Par ailleurs, Finaxy Fleet propose des économies complémentaires avec d’autres prestations telles que la consignation: un fonds de roulement permet au courtier de régler directement les petits sinistres de son client. Autre subtilité, une facturation sous forme d’honoraires qui permet de récupérer la TVA. "En moyenne, nous parvenons à optimiser le budget assurance de 15 % et parfois bien au-delà", avance le dirigeant qui insiste sur la combinaison d’économies tarifaires et la maîtrise des coûts de gestion et de réparation des sinistres. Le courtier propose d’ailleurs une application, avec Autogriff, de chiffrage des dégâts à distance et de réparation dans un réseau de carrossiers aux tarifs maîtrisés.

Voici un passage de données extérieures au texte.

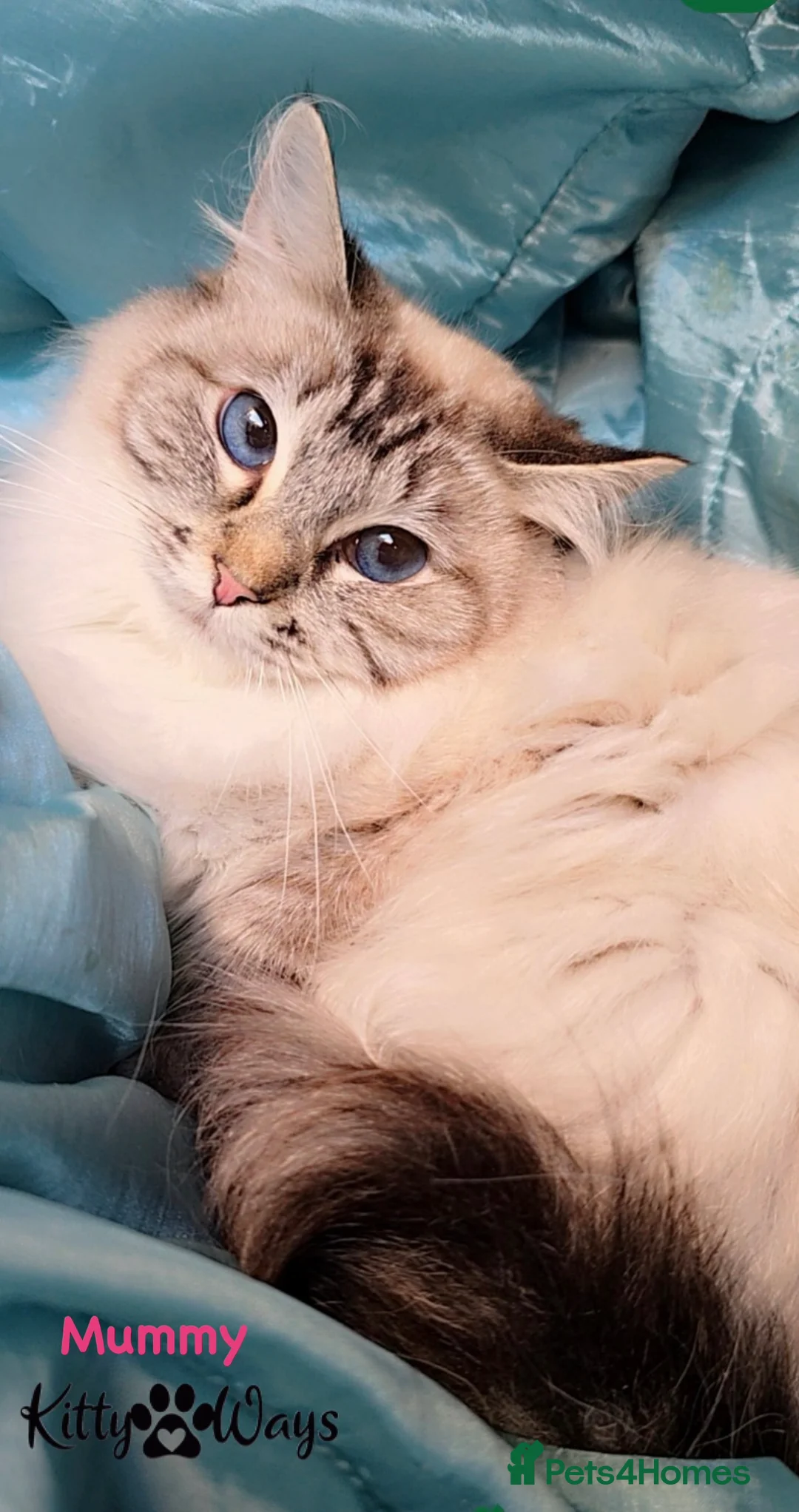 Ragdoll cats for sale: 🐾🩵*TICA REG* LYNX TABBY EU RAGDOLL KITTEN🩵🐾 - Advert 9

5. Une application pour ne pas laisser dériver les coûts de réparation
Un gestionnaire de flotte n’étant pas, en permanence, derrière chacun de ses conducteurs il arrive que les dommages aux véhicules s’accumulent sans être réparés. C’est d’ailleurs un sujet de crispation au moment de leur restitution au loueur qui facture la remise en état. De ce constat est né Autogriff, une application qui permet au conducteur de procéder à une photo inspection de son véhicule au moyen de son smartphone. Les images sont ensuite analysées pour obtenir un chiffrage avant d’orienter le conducteur vers un carrossier partenaire. "Le taux normal de sinistralité d’une entreprise est de 1 à 2 % donc pas assez pour qu’elle négocie des prix avec un carrossier. Nous sommes un tiers de confiance pour le client en proposant un taux horaire identique sur toute la France et des montants forfaitaires", affirme Franck Keller, président et fondateur d’Autogriff. En outre, ce prestataire privilégie la réparation plutôt que le changement de pièces de carrosserie.
Une approche plus durable qui prend tout son sens depuis que l’inflation s’est emballée dans la réparation automobile. "En trois ans, le marché a pris presque dix points d’augmentation contre 3 à 4 % chez nous", affirme l’entrepreneur qui a réorienté son offre vers l’"accident management". "Sur 5 000 dossiers de restitution à plus de 1 500 €, nous avons constaté que dans 50 % des cas, le sinistre n’avait pas été traité or il aurait pu faire l’objet d’une déclaration à l’assurance", confie Franck Keller. Ces réparations en souffrance constituent un coût caché pour une entreprise mais encore elles risquent d’annihiler tout le bénéfice des montages en auto-assurance.
Pour les entreprises concernées, une identification des sinistres et leur chiffrage précis deviennent indispensables pour arbitrer entre la réparation, en deçà du niveau de franchise choisi, et la déclaration à l’assureur, au-delà. Cette gestion au plus juste des réparations allégera également le stress des gestionnaires au moment de rendre les véhicules aux loueurs. Il pourrait même prévenir un autre dérapage annoncé des dépenses de flottes lié à leur électrification : comme les véhicules électriques font l’objet de contrats de location plus courts, ils doivent être mis sur le marché de l’occasion dans un état plus proche du neuf. Une exigence que les loueurs ne manqueront pas de rappeler aux entreprises oublieuses en leur présentant la facture, évidemment salée.